PNG’s electricity grid is primarily owned and managed by the state-owned entity PNG Power Limited (PPL), but the system also incorporates significant private sector involvement, and the government is pursuing further partial privatisation.
“Almost all of it runs off diesel, with a little bit of hydro, and it’s unreliable because the infrastructure was sold and the investment in upkeep has been underspent,” Coyle said.
In response to questions of corruption concerns, Coyle said the alternative approach hasn’t worked.
“Is PNG any less corrupt now than it was 20 years ago? No. Is it more corrupt? Possibly.
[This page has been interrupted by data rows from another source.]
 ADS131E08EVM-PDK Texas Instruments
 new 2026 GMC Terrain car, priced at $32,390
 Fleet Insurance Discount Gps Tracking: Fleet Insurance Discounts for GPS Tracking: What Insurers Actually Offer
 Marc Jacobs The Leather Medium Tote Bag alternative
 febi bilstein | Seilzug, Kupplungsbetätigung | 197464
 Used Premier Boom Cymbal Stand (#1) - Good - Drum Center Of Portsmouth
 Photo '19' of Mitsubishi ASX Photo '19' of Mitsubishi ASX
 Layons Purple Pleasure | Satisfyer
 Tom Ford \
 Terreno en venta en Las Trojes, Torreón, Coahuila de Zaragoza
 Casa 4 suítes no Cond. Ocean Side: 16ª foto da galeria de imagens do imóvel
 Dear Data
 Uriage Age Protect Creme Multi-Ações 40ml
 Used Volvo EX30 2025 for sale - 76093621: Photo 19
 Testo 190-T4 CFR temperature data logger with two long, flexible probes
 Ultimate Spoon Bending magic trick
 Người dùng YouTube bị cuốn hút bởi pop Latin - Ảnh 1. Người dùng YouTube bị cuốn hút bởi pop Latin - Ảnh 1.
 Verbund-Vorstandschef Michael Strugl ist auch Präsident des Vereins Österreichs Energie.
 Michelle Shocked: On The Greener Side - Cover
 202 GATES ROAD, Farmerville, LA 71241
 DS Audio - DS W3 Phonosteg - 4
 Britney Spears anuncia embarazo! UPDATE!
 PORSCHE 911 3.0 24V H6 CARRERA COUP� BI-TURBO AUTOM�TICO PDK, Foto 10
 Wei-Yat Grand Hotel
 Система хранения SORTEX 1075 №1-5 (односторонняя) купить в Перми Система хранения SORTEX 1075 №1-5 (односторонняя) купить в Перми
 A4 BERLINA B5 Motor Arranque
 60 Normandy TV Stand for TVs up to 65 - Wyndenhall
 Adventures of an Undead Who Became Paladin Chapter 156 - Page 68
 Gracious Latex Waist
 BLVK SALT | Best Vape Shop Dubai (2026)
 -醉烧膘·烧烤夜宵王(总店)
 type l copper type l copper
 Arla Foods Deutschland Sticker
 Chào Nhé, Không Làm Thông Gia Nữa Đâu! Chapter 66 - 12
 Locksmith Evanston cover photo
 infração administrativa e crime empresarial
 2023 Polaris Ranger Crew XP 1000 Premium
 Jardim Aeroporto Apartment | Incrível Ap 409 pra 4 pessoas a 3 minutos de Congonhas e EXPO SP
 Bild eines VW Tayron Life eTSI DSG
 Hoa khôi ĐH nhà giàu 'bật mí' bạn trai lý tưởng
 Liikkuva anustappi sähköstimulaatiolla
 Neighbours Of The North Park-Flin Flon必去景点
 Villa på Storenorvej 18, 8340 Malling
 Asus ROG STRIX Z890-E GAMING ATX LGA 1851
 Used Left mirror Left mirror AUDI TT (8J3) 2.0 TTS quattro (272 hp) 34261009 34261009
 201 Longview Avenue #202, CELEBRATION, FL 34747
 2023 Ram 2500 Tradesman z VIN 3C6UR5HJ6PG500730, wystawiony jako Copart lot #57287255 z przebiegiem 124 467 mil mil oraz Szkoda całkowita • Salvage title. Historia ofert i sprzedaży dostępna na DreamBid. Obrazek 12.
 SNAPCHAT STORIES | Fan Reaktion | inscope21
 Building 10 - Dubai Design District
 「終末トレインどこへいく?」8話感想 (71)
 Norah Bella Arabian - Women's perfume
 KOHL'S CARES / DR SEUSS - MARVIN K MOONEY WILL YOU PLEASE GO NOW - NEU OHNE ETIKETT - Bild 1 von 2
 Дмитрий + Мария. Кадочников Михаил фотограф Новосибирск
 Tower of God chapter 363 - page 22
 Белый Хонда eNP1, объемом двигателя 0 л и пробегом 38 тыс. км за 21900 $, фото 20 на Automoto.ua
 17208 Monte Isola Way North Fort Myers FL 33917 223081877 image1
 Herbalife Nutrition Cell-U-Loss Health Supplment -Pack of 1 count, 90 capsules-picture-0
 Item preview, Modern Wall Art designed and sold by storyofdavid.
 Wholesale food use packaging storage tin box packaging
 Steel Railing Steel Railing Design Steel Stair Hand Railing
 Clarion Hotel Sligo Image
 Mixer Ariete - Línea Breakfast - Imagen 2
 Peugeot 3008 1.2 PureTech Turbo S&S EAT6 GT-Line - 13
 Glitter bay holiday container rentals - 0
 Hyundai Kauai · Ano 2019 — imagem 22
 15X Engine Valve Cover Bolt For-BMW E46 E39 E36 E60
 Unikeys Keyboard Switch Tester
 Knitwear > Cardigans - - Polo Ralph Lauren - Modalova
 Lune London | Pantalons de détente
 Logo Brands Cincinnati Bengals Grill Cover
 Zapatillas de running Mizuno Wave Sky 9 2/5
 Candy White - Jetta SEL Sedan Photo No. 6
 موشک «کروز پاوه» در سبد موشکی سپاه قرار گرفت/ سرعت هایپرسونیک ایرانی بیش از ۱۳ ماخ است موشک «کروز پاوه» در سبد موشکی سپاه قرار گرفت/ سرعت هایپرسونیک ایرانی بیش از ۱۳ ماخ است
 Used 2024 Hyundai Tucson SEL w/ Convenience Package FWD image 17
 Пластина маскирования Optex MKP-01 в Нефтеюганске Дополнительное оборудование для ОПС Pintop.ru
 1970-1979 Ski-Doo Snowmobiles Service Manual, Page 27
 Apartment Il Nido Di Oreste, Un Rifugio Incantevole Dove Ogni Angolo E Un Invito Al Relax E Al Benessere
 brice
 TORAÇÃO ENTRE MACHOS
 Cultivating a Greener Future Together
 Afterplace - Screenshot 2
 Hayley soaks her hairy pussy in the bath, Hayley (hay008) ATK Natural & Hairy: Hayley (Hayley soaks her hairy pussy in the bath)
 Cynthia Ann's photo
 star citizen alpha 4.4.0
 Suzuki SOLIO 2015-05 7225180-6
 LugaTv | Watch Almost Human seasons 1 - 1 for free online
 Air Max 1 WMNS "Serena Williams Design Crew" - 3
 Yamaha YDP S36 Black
So I get that argument ... [yet] for all of the good intentions and the funding that we’ve spent over the years in those spaces, I'd argue that it hasn’t really moved forward.”
Yet research from the Asia Foundation in 2022 (pdf) does suggest that despite the participation of major Chinese state-owned firms, many of these projects are bogged down with issues like technical deficiencies, delays, pollution, and poor governance (locally and internationally).
For example, the $414 million Chinatown project in Port Moresby—by Baosen International Holding—has largely sat dormant since the pandemic and only this year saw some work start again.

This picture taken on May 18, 2023 shows people walking past a Chinese style gate in front of a project site called Chinatown that stopped due to the COVID-19 pandemic in Port Moresby, Papua New Guinea. (Adek Berry/AFP via Getty Images)
Other Areas Where Australia Falls Short
He says another area where Beijing is actively competing is in education, where China offers postgraduate study and even undergraduate degrees to Pacific Islanders.
“We [in the Pacific] don’t see the large numbers of students getting scholarships into Australian universities,” Coyle points out.
“[Australia] really missed a trick there, in maintaining that sort of support, because they’re the people that might one day be business owners or political leaders, so I think that’s important.”
For some countries like India, Australia offers scholarships that can cover tuition, living expenses, and even airfares.
Coyle’s insights come as Australian leaders work to shore up alliances with the 20 or more South Pacific-based nations.
The Labor government recently tied up the “Pukpuk Treaty“ with PNG, which elevates both nations to ”alliance” status, meaning either country is obligated to consult and consider any measures in the event of an attack (pdf), or “act to meet the common danger.”
The pact drew a response from Beijing’s PNG Ambassador Yang Xiaoguang who wrote in an opinion piece that no country should “treat the island countries as its ‘backyard,’ or engage in zero-sum competition.”